Morley Winograd and Mike Hais, authors of Millennial Makeover: MySpace, YouTube and the Future of American Politics, continue to get a great deal of pick-up in the press.
Frank Rich cites their work in an op-ed for the New York Times:
For five years boomers have been asking, “Why are the kids not in the streets screaming about the war the way we were?” The simple answer: no draft. But as Morley Winograd and Michael D. Hais show in “Millennial Makeover,” their book about the post-1982 American generation, that energy has been plowed into quieter social activism and grand-scale social networking, often linked on the same Web page. The millennials’ bottom-up digital superstructure was there to be mined, for an amalgam of political organizing, fund-raising and fun, and Mr. Obama’s camp knew how to work it. The part of the press that can’t tell the difference between Facebook and, say, AOL, was too busy salivating over the Clintons’ vintage 1990s roster of fat-cat donors to hear the major earthquake rumbling underground.
The two authors were also recently featured on PBS's NewsHour, where they were interviewed by Judy Woodruff.
More and more, the importance of the Millennial generation is becoming generally accepted as its impact is being felt in this election cycle. It's a demographic group that we at NDN and the New Politics Institute have long been interested in. You can find some of the work we have done on this topic here and here.
Submitted by Travis Valentine on Wed, 05/14/2008 - 4:27pm.
NDN's softball team has its first regular season game in an hour or so. Oh, and John Edwards is endorsing Barack Obama tonight in Grand Rapids, MI at 7pm. More from Ben Smith at the Politico.
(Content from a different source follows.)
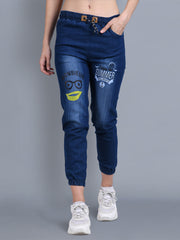 Dark Blue Printed Skinny Fit Denim Jogger Jeans-2329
But clearly the big news is that the Trotters are making their return to the fieldi!
(Just indulge us.)
Submitted by Travis Valentine on Wed, 05/14/2008 - 1:38pm.
From the AP:
NEW YORK (AP) - Democrat Barack Obama has won the endorsement of NARAL Pro-Choice America, a leading abortion rights advocacy organization that has supported rival Hillary Rodham Clinton throughout her political career.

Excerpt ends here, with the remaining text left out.